Publié

"Les Etats-Unis sont en état de guerre civile virtuelle"

Géopolitis: Trump, stop ou encore? [Reuters - Christian Hartmann]
Trump, stop ou encore? / Geopolitis / 26 min. / le 27 octobre 2019
Un an avant l’élection présidentielle américaine, le pays est divisé et la campagne promet d'être virulente. Entre la procédure d'impeachment et le retrait militaire en Syrie, Donald Trump doit faire face à de nombreux défis.

Donald Trump parviendra-t-il à se maintenir au pouvoir en 2020? Officiellement en campagne depuis le mois de juin, le président américain se révèle toujours plus incontrôlable et n'hésite pas à attaquer directement ses adversaires sur Twitter comme lors de ses discours. "La campagne ne sera pas belle", prédit Gérard Araud, ex-ambassadeur français à Washington et invité de Géopolitis. "Donald Trump n’a aucune limite, aucun scrupule", affirme-t-il.

Donald Trump n’a aucune limite, aucun scrupule.

Gérard Araud

Sous le mandat de Donald Trump, les divisions qui traversent le pays se sont exacerbées, pour Gérard Araud, qui n'hésite pas à parler d'une "polarisation hystérique" de la société. "Il y a une guerre civile virtuelle, précise-t-il, entre les soutiens du président et le reste des Américains." Et dans cette "guerre", Donald Trump peut compter sur une base sûre d'électeurs acquis à sa politique. "Plus de 90% de ses électeurs de 2016 sont prêts à revoter pour lui, souligne Gérard Araud. C'est le plus haut pourcentage qu'on ait eu depuis les 50 dernières années."

Mais pour remporter l'élection, Donald Trump devra élargir sa base électorale estimée entre 35 et 37%. Selon Gérard Araud, tout dépend du choix du candidat démocrate.
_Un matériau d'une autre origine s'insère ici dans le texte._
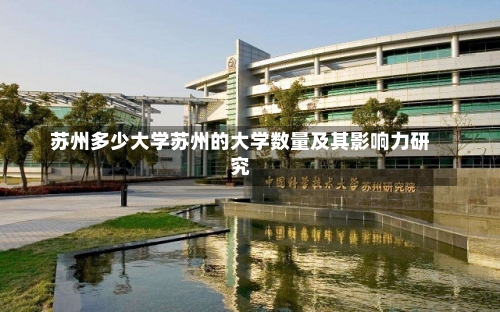 苏州多少大学苏州的大学数量及其影响力研究-第3张图片-记录生活每一天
La primaire est en cours mais deux candidats semblent favoris pour la remporter: Joe Biden, l'ancien vice-président de Barack Obama, et Elizabeth Warren qui soutient, selon Gérard Araud, une forme de populisme de gauche face au populisme de droite porté par Donald Trump.

La politique étrangère s'invite dans la campagne

Plusieurs dossiers internationaux pourraient aussi avoir un impact sur la campagne. Le président américain doit faire face à une procédure d’impeachment depuis le mois de septembre. C’est l'affaire ukrainienne qui a poussé les démocrates américains à lancer le processus qui tend encore plus les relations entre les deux camps politiques. Donald Trump a divisé aussi au sein de son propre camp lorsque le 6 octobre 2019 la Maison Blanche a annoncé le retrait des troupes américaines au nord de la Syrie.

Mais si la manière surprend, cette décision du président suit au final une stratégie de longue date de retrait partiel des Américains de la scène internationale: "Cela avait déjà commencé sous l'administration Obama", souligne Gérard Araud. "Nous avons eu deux présidents aussi différents qu'ils puissent être et qui ont tous les deux conclu à une lassitude de l’opinion publique américaine pour les engagements internationaux." On ne reviendra plus à "l’Amérique gendarme du monde", analyse l'ancien diplomate. Donald Trump est par contre allé bien plus loin que Barack Obama en suivant une "politique néo-isolationniste et nationaliste", explique Gérard Araud. "Il est indifférent aux alliances et, pour lui, le Royaume-Uni ou la Chine, c'est la même chose."

Antoine Pignarre/Elsa Anghinolfi

Publié

Un ambassadeur qui sort de sa réserve

Gérard Araud a occupé des postes prestigieux au sein de la diplomatie française. Il a été représentant au Conseil de Sécurité des Nations unies. En 2014, il a rejoint Washington comme ambassadeur de France aux Etats-Unis où il est resté jusqu'en mai 2019.

Après l’élection de Donald Trump, Gérard Araud n’hésite pas à exprimer son désaccord publiquement. Certains lui reprochent son manque de réserve. Il raconte une fonction diplomatique marginalisée: "Si vous êtes ambassadeur, vous n’avez aucun interlocuteur autorisé. Lorsque Paris a un message, il vaut mieux qu'Emmanuel Macron appelle directement la seule personne qui compte, c’est-à-dire Donald Trump".

Il a rejoint, il y a quelques mois, le secteur privé dans l’agence internationale de conseil en communication Richard Attias & Associés.